E-CRF: EMBEDDED CONDITIONAL RANDOM FIELD FOR BOUNDARY-CAUSED CLASS WEIGHTS CONFUSION IN SEMANTIC SEGMENTATION

Abstract

Modern semantic segmentation methods devote much effect to adjusting image feature representations to improve the segmentation performance in various ways, such as architecture design, attention mechnism, etc. However, almost all those methods neglect the particularity of class weights (in the classification layer) in segmentation models. In this paper, we notice that the class weights of categories that tend to share many adjacent boundary pixels lack discrimination, thereby limiting the performance. We call this issue Boundary-caused Class Weights Confusion (BCWC). We try to focus on this problem and propose a novel method named Embedded Conditional Random Field (E-CRF) to alleviate it. E-CRF innovatively fuses the CRF into the CNN network as an organic whole for more effective end-to-end optimization. The reasons are two folds. It utilizes CRF to guide the message passing between pixels in high-level features to purify the feature representation of boundary pixels, with the help of inner pixels belonging to the same object. More importantly, it enables optimizing class weights from both scale and direction during backpropagation. We make detailed theoretical analysis to prove it. Besides, superpixel is integrated into E-CRF and served as an auxiliary to exploit the local object prior for more reliable message passing. Finally, our proposed method yields impressive results on ADE20K, Cityscapes, and Pascal Context datasets.

1. INTRODUCTION

Semantic segmentation plays an important role in practical applications such as autonomous driving, image editing, etc.

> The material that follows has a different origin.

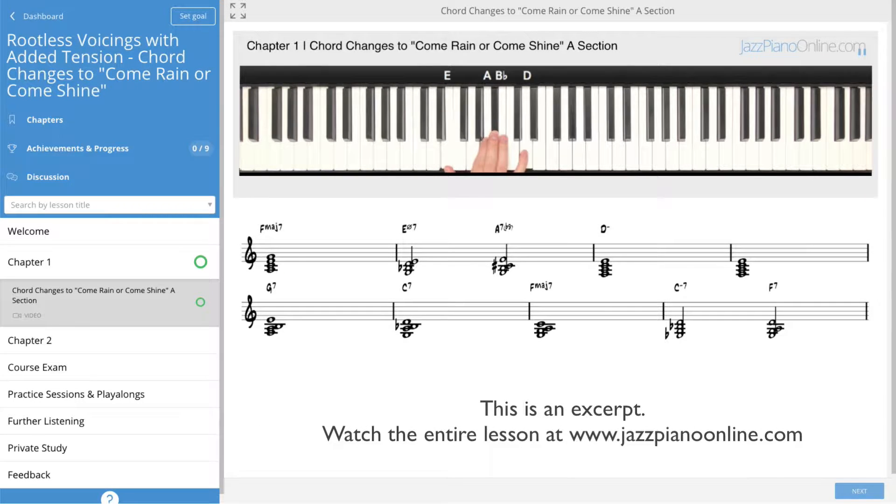3, 13, flat 7, and 9. And going to the major 7, F major 7, I can go with this 7 on the bottom there. Very nice stepward progression down to that F major 7.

Nowadays, numerous CNN-based methods (Chen et al., 2014; Fu et al., 2019; Ding et al., 2019) have been proposed. They attempt to adjust the image feature representation of the model itself to recognize each pixel correctly. However, almost all those methods neglect the particularity of class weights (in the classification layer) that play an important role in distinguishing pixel categories in segmentation models. Hence, it is critical to keep class weights discriminative. Unfortunately, CNN models have the natural defect for this. Generally speaking, most discriminative higher layers in the CNN network always have the larger receptive field, thus pixels around the boundary may obtain confusing features from both sides. As a result, these ambiguous boundary pixels will mislead the optimization direction of the model and make the class weights of such categories that tend to share adjacent pixels indistinguishable. For the convenience of illustration, we call this issue as Boundary-caused Class Weights Confusion (BCWC). We take DeeplabV3+ (Chen et al., 2018a) as an example to train on ADE20K (Zhou et al., 2017) dataset. Then, we count the number of adjacent pixels for each class pair and find a corresponding category that has the most adjacent pixels for each class. Fig 1(a) shows the similarity of the class weight between these pairs in descending order according to the number of adjacent pixels. It is clear that if two categories share more adjacent pixels, their class weights tend to be more similar, which actually indicates that BCWC makes class representations lack discrimination and damages the overall segmentation performance.